Another 'screwy' yearFor the second straight spring, farmers in much of northwestern North Dakota are experiencing what Ross, N.D.-based grain elevator manager John Woodbury calls “a screwy year.”
By: Jonathan Knutson, Agweek
For the second straight spring, farmers in much of northwestern North Dakota are experiencing what Ross, N.D.-based grain elevator manager John Woodbury calls “a screwy year.”
But he says this spring —unusually warm, dry and early — is far preferable to the spring of 2011. A year ago, exceptionally wet conditions prevented roughly 6 million acres of North Dakota cropland from being planted. Northwestern North Dakota, which normally receives relatively little rain, was hit particularly hard by the wet weather and unplanted fields.
“Last spring, we couldn’t plant. We had no chance” (for a good crop). This spring, we can plant. We have a chance,” he says.
How big is the difference from a year ago? In some areas, 80 percent of fields never were planted last spring. In those areas this spring, 90 percent of fields have been planted or soon will be, Woodbury says.
Farmers in his area grow many crops, including spring wheat, durum, canola, barley and peas.
Canola acreage is rising in his area this year because of strong prices for the crop, while interest in durum has declined this spring, he says.
That reflects attractive canola prices and the difficulties that some farmers have had growing high-quality durum in recent years, Woodbury says.
‘Night and day’ difference
One of the worst-hit areas last spring was Ward County, which led the state with an estimated 576,000 unplanted acres, or roughly 63 percent of the county’s 907,825 cropland acres
Bob Finken, a Douglas, N.D., producer who farms in Ward County, says this spring and last spring are “like night and day.”
Last year, he struggled all spring with wet fields, ultimately getting in only a little more than half of his crop.
This year, he expected to start planting during the week of April 23. Some fields are still a little wet, but he’s optimistic of being to plant all or most of his crop.
Among the changes from a year ago: This year Finken expects to plant field peas, which he couldn’t do last year because of wet conditions.
In Renville County, in extreme northwestern North Dakota, less than 10 percent of the crop was planted in 2011.

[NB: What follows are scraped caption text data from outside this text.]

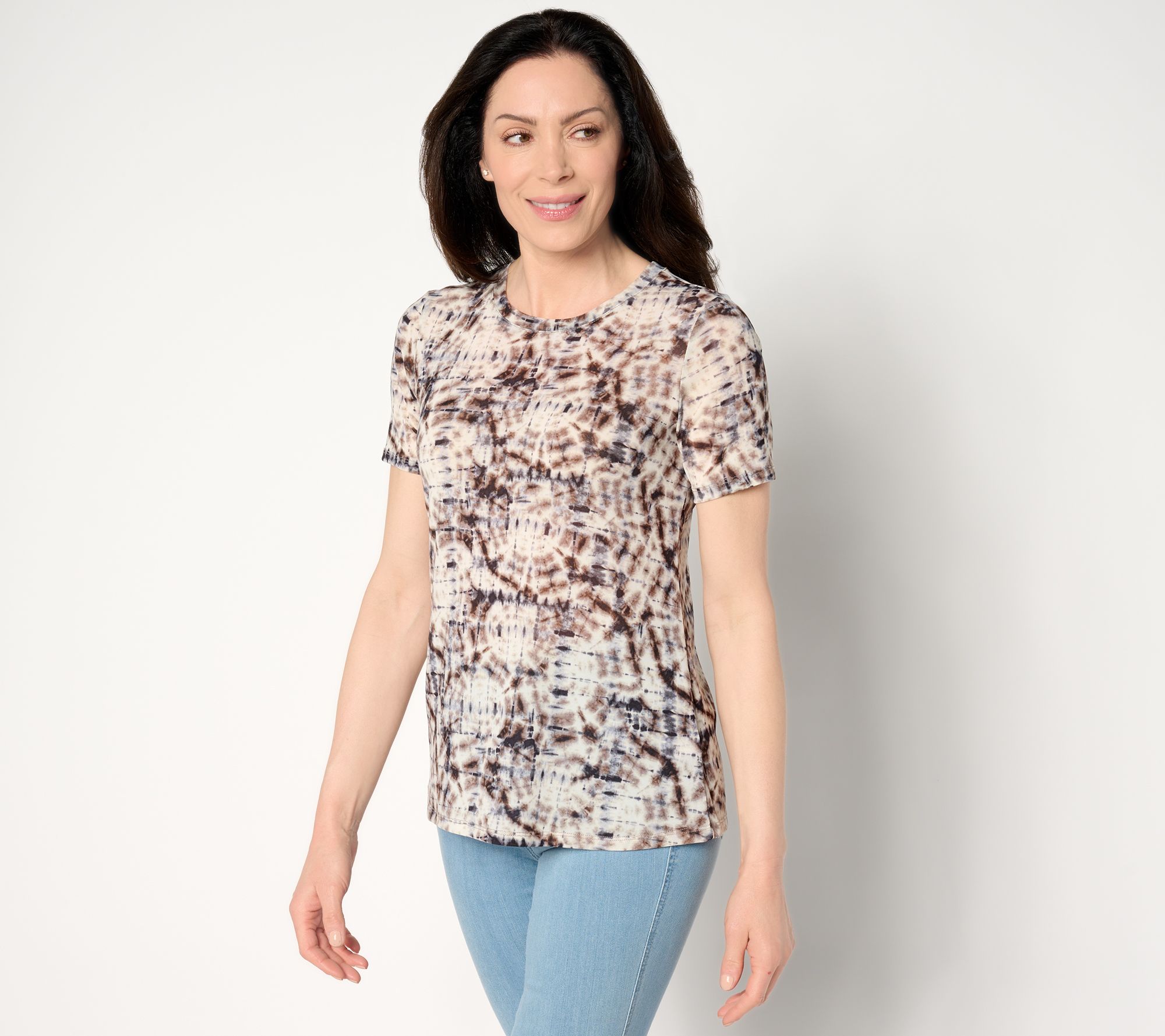 "As Is" LOGO Layers by Lori Goldstein Printed Mesh Crew Neck Tee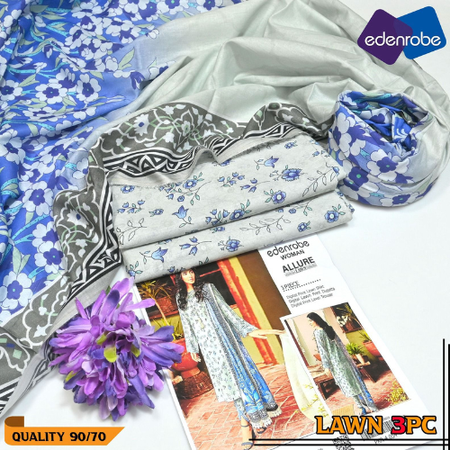 Women's 3PC Lawn Series 90/70 Airjet Lawn 100% Original Digital Printed Shirt, Trouser & Voil Lawn Dupatta EDR-3003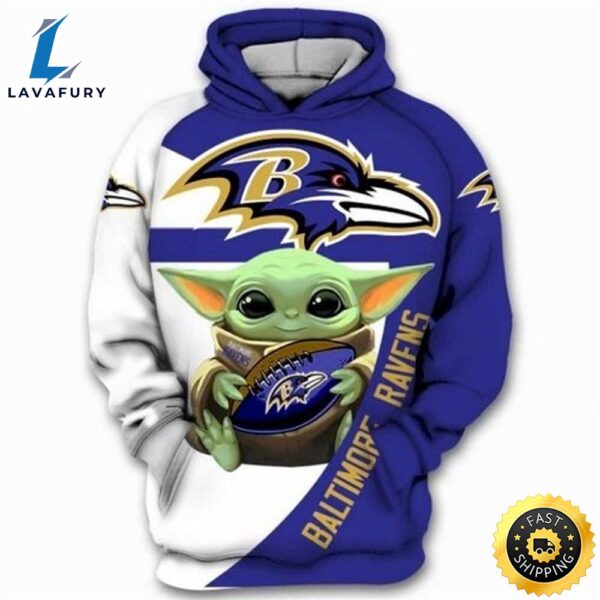 Baltimore Ravens Logo Baby Yoda Star Wars 3d Hoodie All Over Print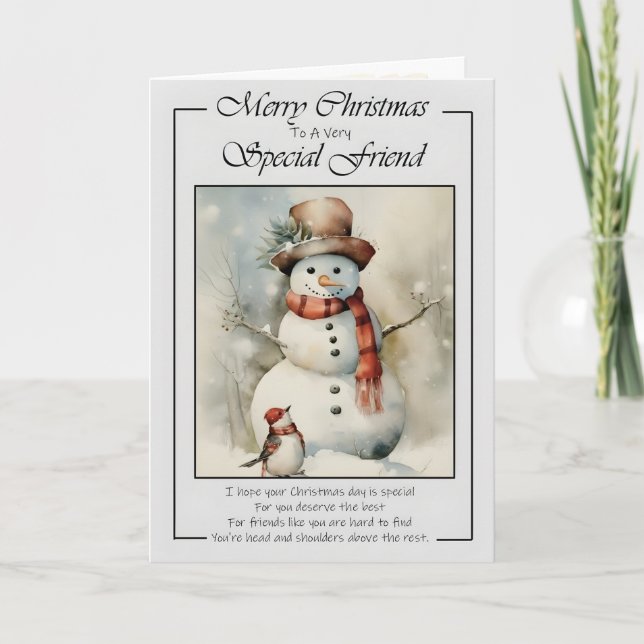 Merry Christmas to a Very Special Friend Christmas Card (Front)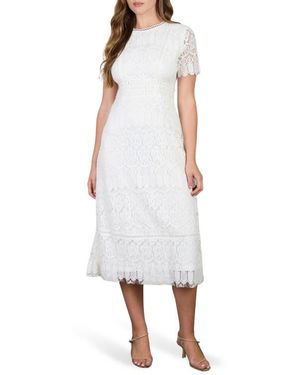 AUGUST SKY Lace Midi Drss - White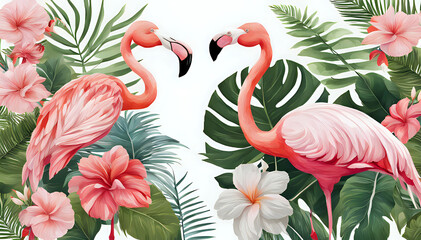 Wallpaper pattern of branches, flowers and roses with flamingos with a background of tropical nature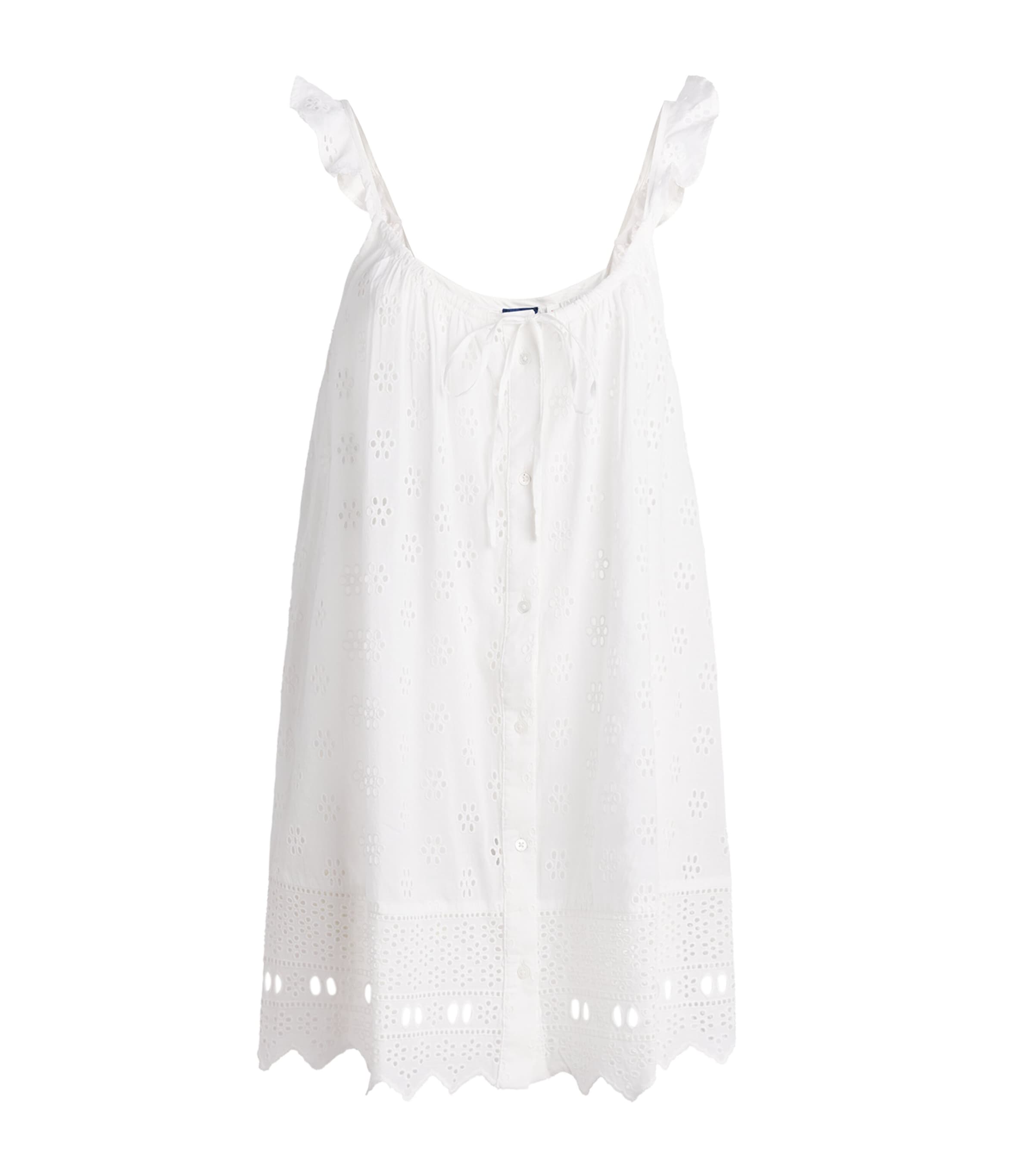 Polo Ralph Lauren Womens Cotton Openwork Mini Nightdress White Cloud Image 1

At least that much has been planted already this spring, says LoAyne Voigt, county agent.
Planting began in earnest during the week of April 23, she says.
Because Renville is so far north, farmers in the county normally are satisfied if they start planting in earnest by May 1, she says.
Despite dry conditions since last fall, parts of many fields remain wet and farmers need to plant around those wet areas, she says.